- Rapsody – Laila’s Wisdom
Rapsody’s sophomore album is a namesake of the North Carolina rapper’s late grandmother. “There was just a quote [from her] that I grew up on,” she told Billboard last September. “It was, ‘Give me my flowers while I’m here, while I can still smell them.’” Adhering to Laila’s wisdom, Rapsody has earned her flowers with this project. Laila’s Wisdom balances immense thematic scope with scalpel-sharp storytelling, given further layers by the soul-infused instrumentals (almost all of which were provided by 9th Wonder). Though it begs to for comparisons to Kendrick Lamar’s Good Kid, M.A.A.D City—another breakout sophomore album with emphases on narrative—Laila’s Wisdom feels wholly original in that Rapsody herself is such a fresh presence in the genre. With Laila’s Wisdom, Rapsody etched her name into the annals of hip-hop as one of the great female emcees and one of the best rappers of our time.
- The National – Sleep Well Beast
The National sometimes gets a bad reputation as being “sad white guy music,” and perhaps, as a sad white guy, I’m not the best spokesperson against that view. That characterization is true in a very literal sense, but it undervalues just how focused and personal frontman Matt Berninger’s songwriting is. The National’s seventh studio album is largely about the relationship struggles between Berninger and his wife Carin Besser (with whom he co-wrote the album), emphasizing the relationship over the struggles. This is to say that Sleep Well Beast successfully fleshes out its central relationship; for every somber track like “Nobody Else Will Be There,” there’s one of warm affection like “Born to Beg.” Though its tracklist doesn’t adhere to any narrative structure, it delivers scattered fragments of plot. Piecing together those fragments gives us a fuller understanding of Berninger and Besser’s relationship, and the result is a story of great beauty and poignance.

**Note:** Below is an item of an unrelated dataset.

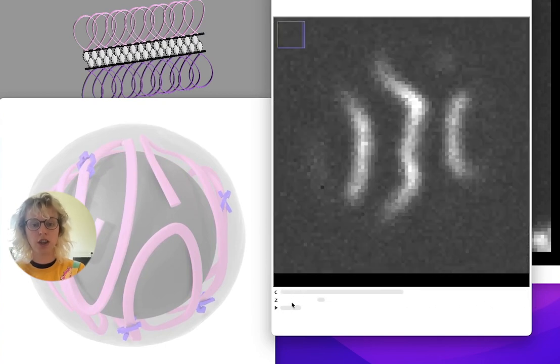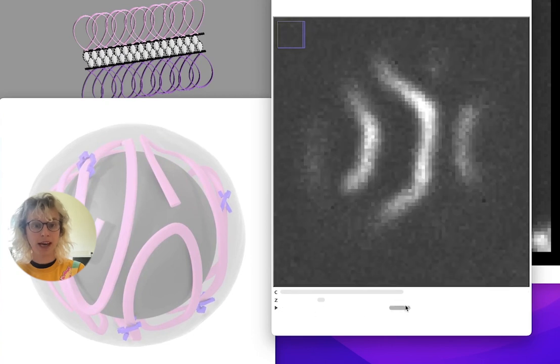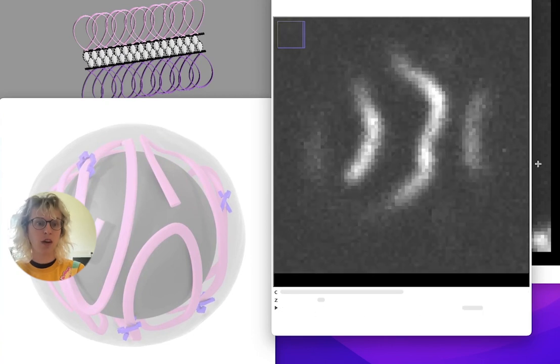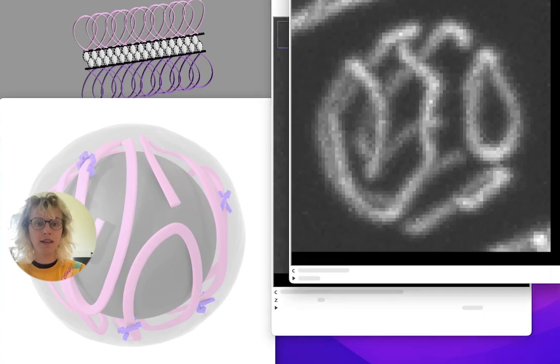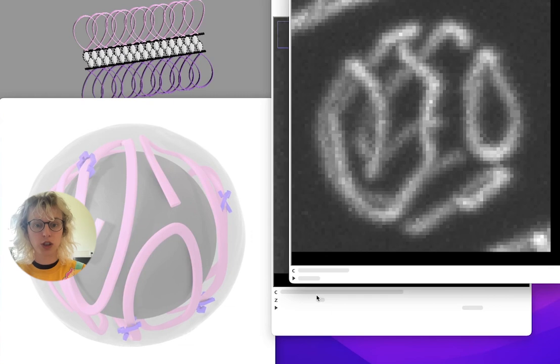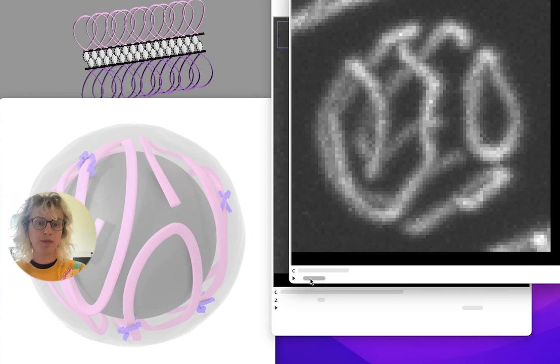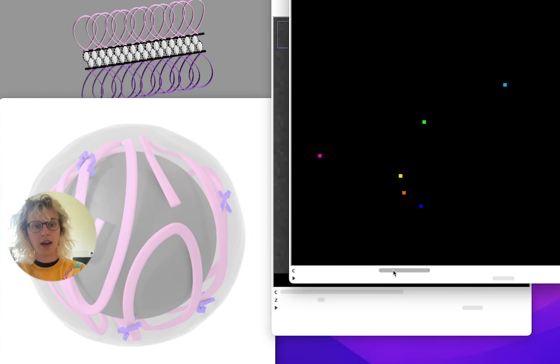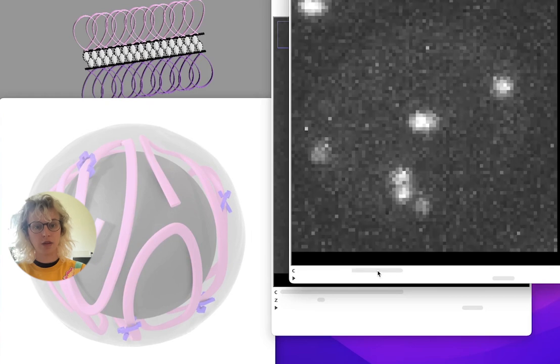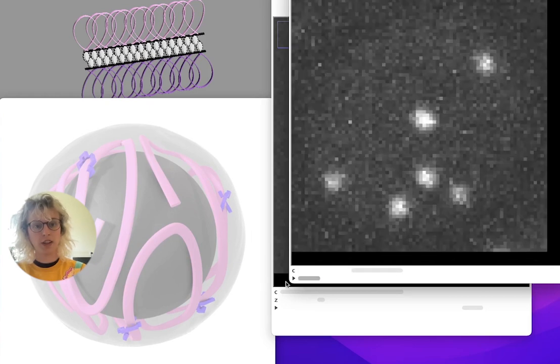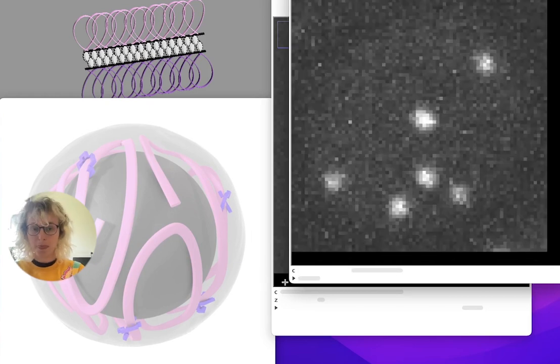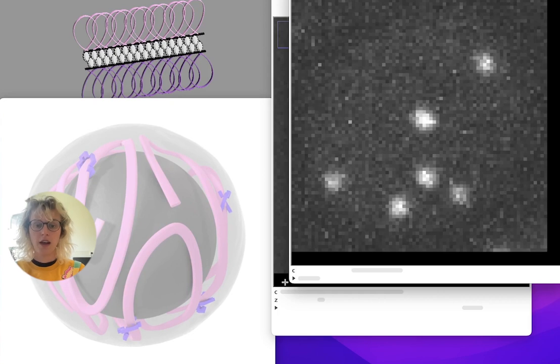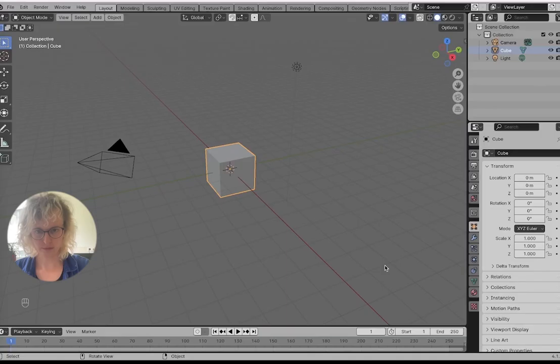And for all of this, we also have a time axis, which is maybe easier to see in the maximum intensity projection over Z. We can see our time axis, and in channel 2, we see our spots moving. So let's see how we can render this in Blender.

- Alvvays – Antisocialites
Antisocialites is, to some degree, the antithesis of pop punk; instead, it’s something of a “punk pop” record, one with roots in dream pop but the internal furnace of a punk rocker. It fuses a twee pop youthfulness with the shimmer of dream pop, and laces the resulting musical fabric with stitches of sharp rock guitars. A track like “Dreams Tonite” is glossy and emotionally punchy in equal parts; following it, “Plimsoll Punks” picks up speed and energy, finding its edge without ever losing a sheen. As someone who finds little to enjoy in the traditional pop punk genre, Antisocialites is the kind of album that I want people to picture when thinking of the term “pop punk.” It’s a total reversal of the proportions of traditional pop punk—not so much a punk album with softened edges, but a lush piece of dream pop imbued with punk’s fiery spirit.
- Sampha – Process
If Sampha’s singing voice occasionally veers too close to a James Blake falsetto at various points over the course of the album, the mammoth chorus on lead single “Blood on Me” dispels any and all concerns that Sampha is an imitator. In ten tracks, the British R&B/electronic musician bares his soul across tender ballads (“(No One Knows Me) Like the Piano”), synthetic ambience (“What Shouldn’t I Be?”) and energetic pop infused with the West African kora (“Kora Sings”). It’s a tremendously ambitious debut, and if Sampha’s scope of vision remains as wide as it is on Process, he’s got a successful career ahead of him.
- Algiers – The Underside of Power
Every aspect of The Underside of Power—vocalist Franklin James Fisher’s post-punk gospel howls, the Southern Gothic atmosphere and the emphasis on atonality—eschews convention in some form or another. These unusual elements collectively create a cold, dystopian soundscape atop which Fisher comments on the similarly dystopic elements of American culture. “The hand that brings the gavel down / Is the hand that ties the noose,” he belts on “Cleveland,” a direct indictment of the pattern of Black bodies at the feet of police officers. The Underside of Power is a protest album through and through, a call for revolution in a bleak Orwellian world. No album in 2017 had quite the fire, the ambition, or the adventurousness of The Underside of Power. A triumphant improvement over the band’s already stellar self-titled debut, The Underside of Power sets the bar high for Algiers, and I truly believe the band is more than up to that challenge.